--- Extracted entries Enclosed Below ---

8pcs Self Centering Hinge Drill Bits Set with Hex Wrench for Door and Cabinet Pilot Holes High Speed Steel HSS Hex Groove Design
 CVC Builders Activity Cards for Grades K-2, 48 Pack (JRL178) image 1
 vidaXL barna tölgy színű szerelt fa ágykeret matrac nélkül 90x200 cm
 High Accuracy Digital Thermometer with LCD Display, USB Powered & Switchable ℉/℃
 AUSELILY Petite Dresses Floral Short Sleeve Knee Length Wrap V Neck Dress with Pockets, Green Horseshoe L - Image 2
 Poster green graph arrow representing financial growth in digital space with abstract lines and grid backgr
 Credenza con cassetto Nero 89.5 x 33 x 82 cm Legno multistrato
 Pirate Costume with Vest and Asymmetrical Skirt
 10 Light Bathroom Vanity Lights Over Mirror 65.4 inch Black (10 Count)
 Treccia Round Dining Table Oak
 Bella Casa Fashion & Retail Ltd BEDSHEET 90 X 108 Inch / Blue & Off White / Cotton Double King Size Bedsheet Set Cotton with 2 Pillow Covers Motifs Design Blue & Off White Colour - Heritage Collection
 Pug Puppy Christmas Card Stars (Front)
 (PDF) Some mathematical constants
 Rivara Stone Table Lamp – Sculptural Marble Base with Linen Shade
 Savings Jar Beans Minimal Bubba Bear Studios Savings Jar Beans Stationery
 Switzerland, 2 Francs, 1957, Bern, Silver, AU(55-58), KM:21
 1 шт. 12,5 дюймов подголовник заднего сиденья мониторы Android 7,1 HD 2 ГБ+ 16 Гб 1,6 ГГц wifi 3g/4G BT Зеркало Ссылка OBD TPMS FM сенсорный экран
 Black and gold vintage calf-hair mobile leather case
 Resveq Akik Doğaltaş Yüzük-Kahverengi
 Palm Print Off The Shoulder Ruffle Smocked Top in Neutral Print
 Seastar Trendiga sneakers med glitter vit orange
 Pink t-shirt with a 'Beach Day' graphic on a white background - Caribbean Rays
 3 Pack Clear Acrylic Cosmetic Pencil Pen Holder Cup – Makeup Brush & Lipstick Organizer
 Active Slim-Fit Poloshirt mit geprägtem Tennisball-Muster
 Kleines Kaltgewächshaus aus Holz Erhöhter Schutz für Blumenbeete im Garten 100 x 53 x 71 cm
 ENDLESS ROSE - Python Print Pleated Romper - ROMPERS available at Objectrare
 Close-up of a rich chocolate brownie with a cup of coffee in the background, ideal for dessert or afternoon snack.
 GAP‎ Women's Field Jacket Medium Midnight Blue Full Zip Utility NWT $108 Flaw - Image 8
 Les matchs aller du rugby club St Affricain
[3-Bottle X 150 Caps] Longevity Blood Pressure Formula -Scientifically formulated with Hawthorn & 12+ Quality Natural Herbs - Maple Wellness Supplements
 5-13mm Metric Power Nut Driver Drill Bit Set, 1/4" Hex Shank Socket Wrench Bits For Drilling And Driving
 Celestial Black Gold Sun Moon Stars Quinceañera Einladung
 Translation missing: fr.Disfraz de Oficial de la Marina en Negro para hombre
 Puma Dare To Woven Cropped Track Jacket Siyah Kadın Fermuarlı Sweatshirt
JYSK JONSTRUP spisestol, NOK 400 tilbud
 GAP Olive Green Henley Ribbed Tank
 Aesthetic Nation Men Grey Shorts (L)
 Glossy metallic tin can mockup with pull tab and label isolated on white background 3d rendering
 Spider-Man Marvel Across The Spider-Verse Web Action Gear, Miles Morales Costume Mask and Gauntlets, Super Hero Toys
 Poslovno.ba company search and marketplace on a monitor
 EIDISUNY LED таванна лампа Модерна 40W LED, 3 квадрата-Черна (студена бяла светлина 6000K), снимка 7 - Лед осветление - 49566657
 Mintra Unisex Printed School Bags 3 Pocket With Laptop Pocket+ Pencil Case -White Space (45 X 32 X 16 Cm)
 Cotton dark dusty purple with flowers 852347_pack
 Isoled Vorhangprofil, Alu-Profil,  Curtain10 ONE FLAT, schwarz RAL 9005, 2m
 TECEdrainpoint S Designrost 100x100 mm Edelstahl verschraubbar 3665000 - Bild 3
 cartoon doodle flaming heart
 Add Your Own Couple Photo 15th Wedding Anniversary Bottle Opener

--- End of Enclosed Extracted entries ---

### What you should do
Copy out only the lines of the records above from the one with "Pirate Costume with" through the one with "Savings Jar Beans Minimal", exactly as they stand, both included.

### Task output
 Pirate Costume with Vest and Asymmetrical Skirt
 10 Light Bathroom Vanity Lights Over Mirror 65.4 inch Black (10 Count)
 Treccia Round Dining Table Oak
 Bella Casa Fashion & Retail Ltd BEDSHEET 90 X 108 Inch / Blue & Off White / Cotton Double King Size Bedsheet Set Cotton with 2 Pillow Covers Motifs Design Blue & Off White Colour - Heritage Collection
 Pug Puppy Christmas Card Stars (Front)
 (PDF) Some mathematical constants
 Rivara Stone Table Lamp – Sculptural Marble Base with Linen Shade
 Savings Jar Beans Minimal Bubba Bear Studios Savings Jar Beans Stationery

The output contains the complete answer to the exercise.